=== What the exercise asks ===
All that is wanted is a word-for-word copy of the data from its first line to the line containing "PLECHOVÝ OBAL 11x10cm*BÍLÁ", both included.

=== Task inputs ===

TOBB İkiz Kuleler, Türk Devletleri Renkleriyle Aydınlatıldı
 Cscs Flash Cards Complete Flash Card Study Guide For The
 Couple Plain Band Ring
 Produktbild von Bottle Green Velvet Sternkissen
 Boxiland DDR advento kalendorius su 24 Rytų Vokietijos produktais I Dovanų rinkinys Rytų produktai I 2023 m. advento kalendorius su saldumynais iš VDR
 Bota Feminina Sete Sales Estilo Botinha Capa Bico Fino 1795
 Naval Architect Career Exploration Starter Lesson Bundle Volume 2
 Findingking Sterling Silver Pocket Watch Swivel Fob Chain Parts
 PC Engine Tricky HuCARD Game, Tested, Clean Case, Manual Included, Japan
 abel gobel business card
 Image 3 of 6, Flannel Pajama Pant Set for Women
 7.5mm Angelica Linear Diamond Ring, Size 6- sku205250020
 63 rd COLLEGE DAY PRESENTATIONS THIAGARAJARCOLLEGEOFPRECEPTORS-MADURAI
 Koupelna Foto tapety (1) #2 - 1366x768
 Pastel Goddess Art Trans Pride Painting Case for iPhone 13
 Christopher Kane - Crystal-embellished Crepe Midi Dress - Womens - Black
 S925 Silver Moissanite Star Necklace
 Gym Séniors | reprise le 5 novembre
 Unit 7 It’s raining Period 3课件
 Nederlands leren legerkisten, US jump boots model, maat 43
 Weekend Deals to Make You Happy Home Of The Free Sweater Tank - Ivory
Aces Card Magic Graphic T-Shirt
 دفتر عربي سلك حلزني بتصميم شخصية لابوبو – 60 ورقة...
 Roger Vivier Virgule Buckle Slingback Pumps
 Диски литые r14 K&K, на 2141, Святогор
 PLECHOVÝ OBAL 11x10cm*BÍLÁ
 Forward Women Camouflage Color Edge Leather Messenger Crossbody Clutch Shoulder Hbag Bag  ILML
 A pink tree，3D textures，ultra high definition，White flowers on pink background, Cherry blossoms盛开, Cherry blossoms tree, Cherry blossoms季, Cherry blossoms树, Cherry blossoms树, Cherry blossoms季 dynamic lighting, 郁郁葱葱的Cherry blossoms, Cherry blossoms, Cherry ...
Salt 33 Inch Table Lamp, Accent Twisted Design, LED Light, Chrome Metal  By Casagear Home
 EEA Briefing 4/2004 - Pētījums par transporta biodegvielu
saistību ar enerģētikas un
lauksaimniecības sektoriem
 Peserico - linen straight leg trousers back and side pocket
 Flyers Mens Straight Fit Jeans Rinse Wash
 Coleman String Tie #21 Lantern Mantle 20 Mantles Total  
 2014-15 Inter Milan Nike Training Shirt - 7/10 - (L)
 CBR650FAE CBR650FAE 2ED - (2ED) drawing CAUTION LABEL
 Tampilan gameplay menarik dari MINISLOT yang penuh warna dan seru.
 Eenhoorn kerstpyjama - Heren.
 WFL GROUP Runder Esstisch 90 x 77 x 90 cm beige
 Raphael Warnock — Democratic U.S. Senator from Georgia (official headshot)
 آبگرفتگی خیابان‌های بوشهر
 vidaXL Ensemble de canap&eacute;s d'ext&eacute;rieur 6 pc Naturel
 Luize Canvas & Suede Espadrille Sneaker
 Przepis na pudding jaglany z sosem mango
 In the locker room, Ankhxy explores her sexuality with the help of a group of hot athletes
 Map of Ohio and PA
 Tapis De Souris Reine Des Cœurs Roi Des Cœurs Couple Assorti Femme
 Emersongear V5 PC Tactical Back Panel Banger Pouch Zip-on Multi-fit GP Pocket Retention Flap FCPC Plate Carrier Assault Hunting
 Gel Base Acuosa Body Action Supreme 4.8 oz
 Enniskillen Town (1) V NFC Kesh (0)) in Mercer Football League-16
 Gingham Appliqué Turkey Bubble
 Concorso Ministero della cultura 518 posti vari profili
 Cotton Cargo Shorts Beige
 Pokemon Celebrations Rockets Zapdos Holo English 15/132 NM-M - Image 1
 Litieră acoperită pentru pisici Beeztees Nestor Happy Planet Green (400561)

=== Finished exercise ===
TOBB İkiz Kuleler, Türk Devletleri Renkleriyle Aydınlatıldı
 Cscs Flash Cards Complete Flash Card Study Guide For The
 Couple Plain Band Ring
 Produktbild von Bottle Green Velvet Sternkissen
 Boxiland DDR advento kalendorius su 24 Rytų Vokietijos produktais I Dovanų rinkinys Rytų produktai I 2023 m. advento kalendorius su saldumynais iš VDR
 Bota Feminina Sete Sales Estilo Botinha Capa Bico Fino 1795
 Naval Architect Career Exploration Starter Lesson Bundle Volume 2
 Findingking Sterling Silver Pocket Watch Swivel Fob Chain Parts
 PC Engine Tricky HuCARD Game, Tested, Clean Case, Manual Included, Japan
 abel gobel business card
 Image 3 of 6, Flannel Pajama Pant Set for Women
 7.5mm Angelica Linear Diamond Ring, Size 6- sku205250020
 63 rd COLLEGE DAY PRESENTATIONS THIAGARAJARCOLLEGEOFPRECEPTORS-MADURAI
 Koupelna Foto tapety (1) #2 - 1366x768
 Pastel Goddess Art Trans Pride Painting Case for iPhone 13
 Christopher Kane - Crystal-embellished Crepe Midi Dress - Womens - Black
 S925 Silver Moissanite Star Necklace
 Gym Séniors | reprise le 5 novembre
 Unit 7 It’s raining Period 3课件
 Nederlands leren legerkisten, US jump boots model, maat 43
 Weekend Deals to Make You Happy Home Of The Free Sweater Tank - Ivory
Aces Card Magic Graphic T-Shirt
 دفتر عربي سلك حلزني بتصميم شخصية لابوبو – 60 ورقة...
 Roger Vivier Virgule Buckle Slingback Pumps
 Диски литые r14 K&K, на 2141, Святогор
 PLECHOVÝ OBAL 11x10cm*BÍLÁ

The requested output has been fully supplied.